One of the main reasons for the cultural dissonance that took place in the story was connected to the lack of knowledge by the hospital staff about the culture and beliefs of the Hmong people. The Hmong from Laos arrived in the US after the Fall of Saigon, which they supported, as well as the Americans, did (Fadiman 1998, 138).

The attempts by the US government to resettle them in the country have not been successful, and in a short period, they moved independently and started to live in small ethnic communities. The Hmong people strongly believe in spirits, and these beliefs directly affect their perceptions of health. When in a hospital in California, the American physicians needed to furnish care to the little girl from a family of Hmong (Lia Lee), they failed to do so for several reasons. The girl suffered from epilepsy, but her parents perceived it as the manifestation of the fact that their daughter was possessed, which was not regarded as something dangerous in the culture of these people (Fadiman 1998, 28).

On the contrary, Lee’s parents hoped that the presence of the spirit in the child would allow their daughter to become a healer in the future. Thus, the cultural differences in the views of doctors and patient family proved insurmountable, since none of the parties was able to communicate and reach an agreement. Moreover, the attempts to hospitalize the girl was perceived as a violent separation of the girl from her parents, and Hmong regarded the distressing diagnosis, which was determined by the doctors, as a magical curse. As a result, little Lia did not receive the appropriate treatment and fell into a coma.

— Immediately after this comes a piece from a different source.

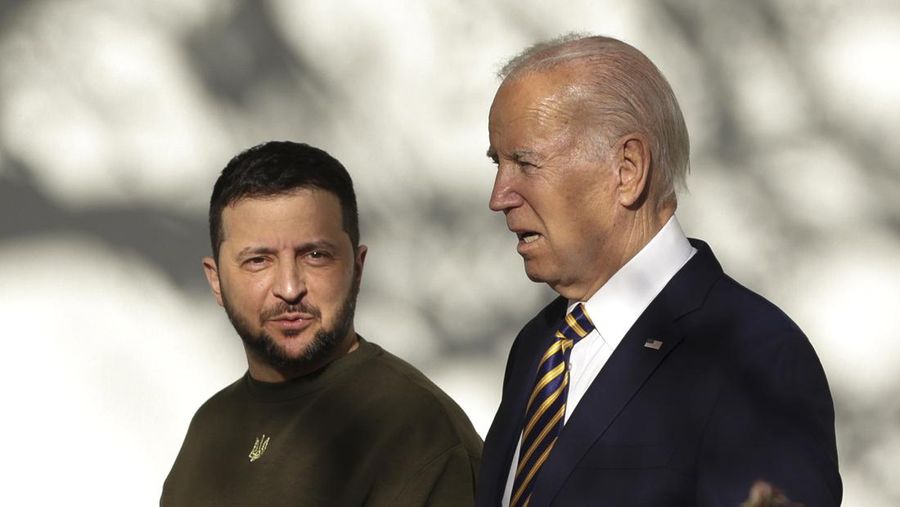 Presiden AS Joe Biden (kanan) dan Presiden Ukraina Volodymyr Zelensky berjalan menyusuri barisan tiang saat mereka menuju Oval Office di Gedung Putih pada 21 Desember 2022 di Washington, DC. Zelensky bertemu dengan Presiden Biden dalam perjalanan pertamanya ke luar Ukraina sejak invasi Rusia dimulai, dan kedua pemimpin diperkirakan akan membahas bantuan militer yang berkelanjutan. Zelensky dilaporkan akan berpidato di pertemuan gabungan Kongres di malam hari. (Alex Wong/Getty Images)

Further, the book provided another perspective on cross-cultural communication, which is the execution of power in case of ineffective interaction. The staff of the hospital did not provide a translator who could enable health care specialists to communicate with the family more effectively. Therefore, the language barrier did not allow the family to express their concerns and share their attitude to the proposed treatment. The nursing personnel made rather unethical remarks about the communication barrier with the Lees but executed their power over the final decision-making.

They did not provide sufficient and understandable information about the proposed care plan and medications; consequently, they did not ensure that the parents of the girl were knowledgeable about the course of treatment and its possible implications (Fadiman 1998, 90). This was a sign of their authoritative power in the case of miscommunication. As discussed earlier, the parents believed that the seizures their daughter had were not a worrying signal but the inability to discuss it with the medical staff of MCMC resulted in their reluctance to give the prescribed medication to the girl, which was an essential condition for the girl’s recovery.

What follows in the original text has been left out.